The Five Standard Ups
There are thousands of articles on interview techniques. Let me summarize them all for you rather tersely:
- Tidy up: use some soap and deodorant, and try not have a hair out of place.
- Dress up: wear something professional and inoffensive.
- Read up: know the job and the company.
- Show up: be present and attentive to your interviewer.
- Follow up: send a thank-you note or further questions to reiterate your interest.
These are the five standard "ups" of interviewing, the super-obvious things we all have to do. To reference "Wheel of Fortune," these are the RSTLNE of the interview game. They are the bare minimum requirements to get through your appointment.
So what can you do to stand out from all the other clean, professional, qualified, capable, and committed applicants? Just one thing: be interesting. How to do that? Take each of the ordinary ups, and spin it.
Let yourself be little rough around the edges.

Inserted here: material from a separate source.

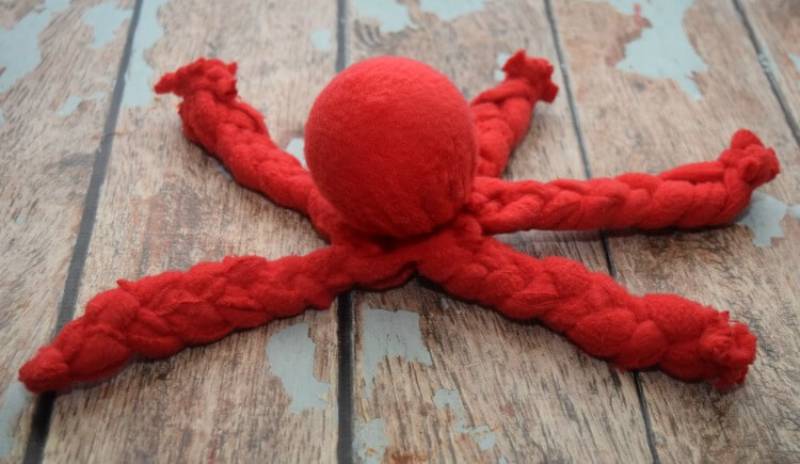 DIY sweet potato dog toy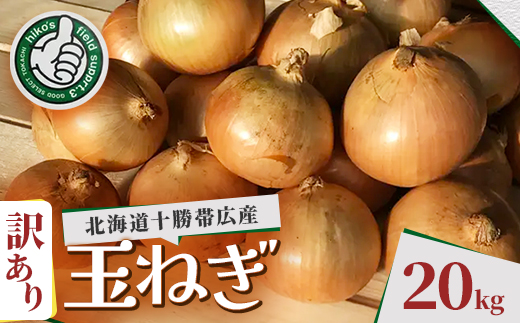 【訳あり】北海道 十勝 帯広産 玉ねぎ 20kg【配送不可地域：離島】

Perfection is for robots. Imperfection is human. Maybe you bite your nails. Maybe you have an interesting scar. Maybe you have a foreign-in-this-corner-of-the-world accent. Talk about what makes you, well, you--you’ll feel less tense and your interviewer will appreciate your authenticity (that’s corporate code for humanity).
Be a little unprofessional.
You know what is the least professional thing in the world? Emotion. For all the talk in the business realm about passion and dedication and grit, showing any of those emotions as anything more than a bullet point is frowned upon. So let some emotion out. Admit you care about something beyond your job description, or that you’re working for something bigger than your paycheck. Your interviewers have feelings, too (and if they don’t, you should not accept any job or piece of candy they offer you).
Read about anything other than the job.
The most awkward of all silences is the silence between sentences of an uncomfortable interview. Being able to change the subject, to interject an anecdote, or to break the silence with a bit of random information is a magnificent skill. Scan the headlines before your interview. Your ability to change subjects might just be the difference between an offer letter and perpetual HR silence.
Pay attention to the other people in the company.
Sure, you’re there to see someone specifically, but you need to observe and talk to others in the building while you’re there. Is anyone crying behind the dumpster? Are people laughing without fear of reprimand? Is the receptionist giving you a real or forced smile? You can learn a lot about a company by reading the body language of the people who work in it--then ask your interviewer about what you see. Your perceptiveness will be appreciated, especially when you comment on the positives.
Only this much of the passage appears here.